MLB 12: The Show will not be receiving a pre-release demo. That a major title such as The Show would pass on putting out a demo is surprising – and it appears that the company may have made a deal with Best Buy again, as was the case with MLB 10, as in-store units have been spotted in several locations. That leaves MLB 2K12 to have the demo space to itself. It’s a brilliant opportunity for 2K Sports that may or may not be capitalized on depending on whether consumers find it to be worthy of a purchase.
Not providing a pre-release demo is akin to a movie that isn’t screened for critics. The decision makers feel that they are protecting their interests better by not exposing the product rather than putting it out there to be evaluated. Bad movies are often the ones kept from critics – similar reasoning wouldn’t apply to The Show but SCEA would have their own justification for doing so. It may be that they feel improvements wouldn’t be apparent to consumers in a few innings of gameplay and that it wouldn’t be representative of the product as a whole.
Despite that remember even NBA Elite 11 had a demo come out weeks before release and that killed the reboot – almost every game that wants serious purchase consideration has to put one out regardless of risk involved. The skepticism towards a product that passes on a demo is generally seen as being too great now to avoid. The Show is one of the few, if not the only sports title that would ever try to get around it and survive the PR hit in relatively clean fashion.
In the case of The Show it seems SCEA has so much pride in the product (bordering on arrogance) that they don’t deem it necessary – they expect consumers will buy the product without having the opportunity to try it at home first. That may be true of some, but certainly not everyone, regardless of how well established The Show is as a brand. It’s a questionable decision to make especially after sales fell off last year.

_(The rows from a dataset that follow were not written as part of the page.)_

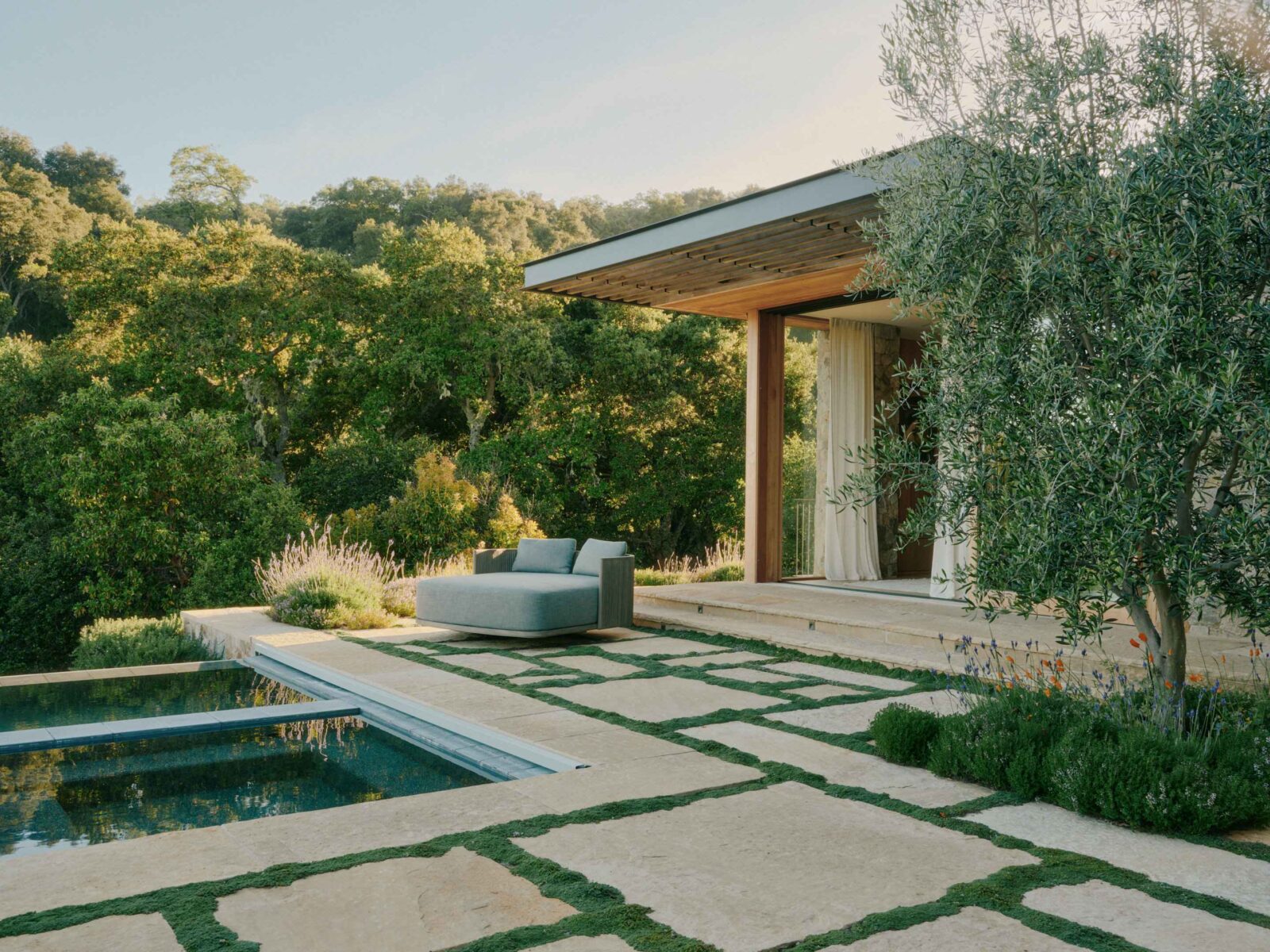 Stone Villa by Feldman Architecture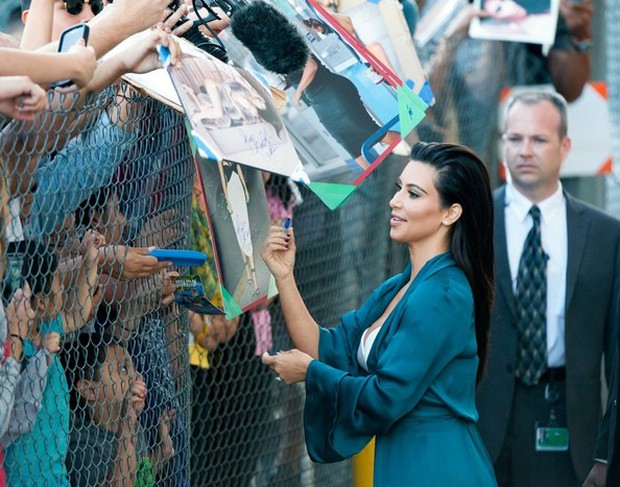 What is so good about gossip queen Kim Kardashian that she has 87 million passionate fans? - Photo 2.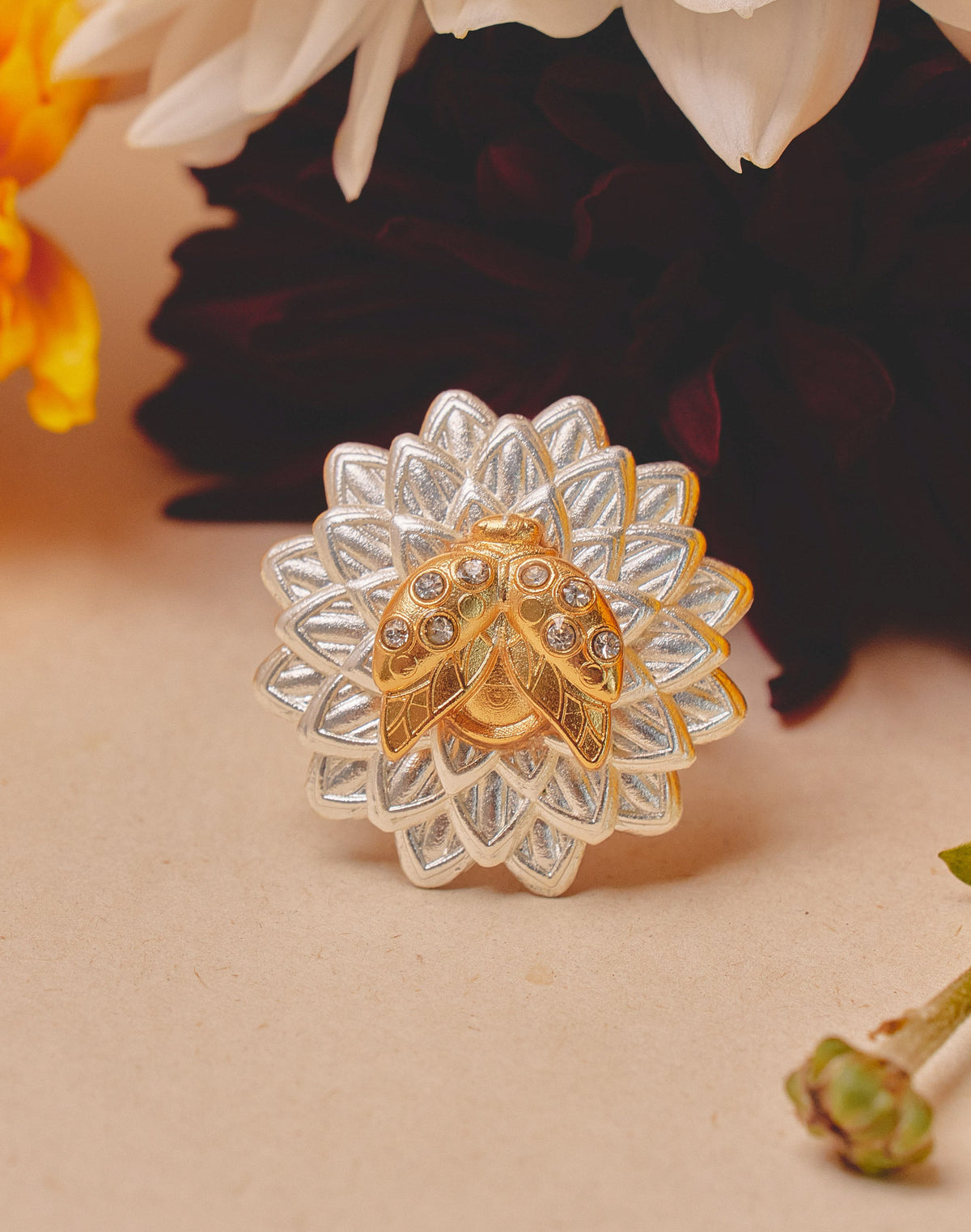 Anillo Crisantemo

No other series would avoid criticism for not releasing a pre-release demo and The Show shouldn’t either. Its “competitor” – no matter how weak in MLB 2K12 – is putting one out. They aren’t likely to steal any sales but exposure wise 2K12 gets an advantage with those who aren’t clued in on the state of baseball gaming. That’s actually the crowd 2K Sports is playing to this year so they have to be especially pleased with these developments.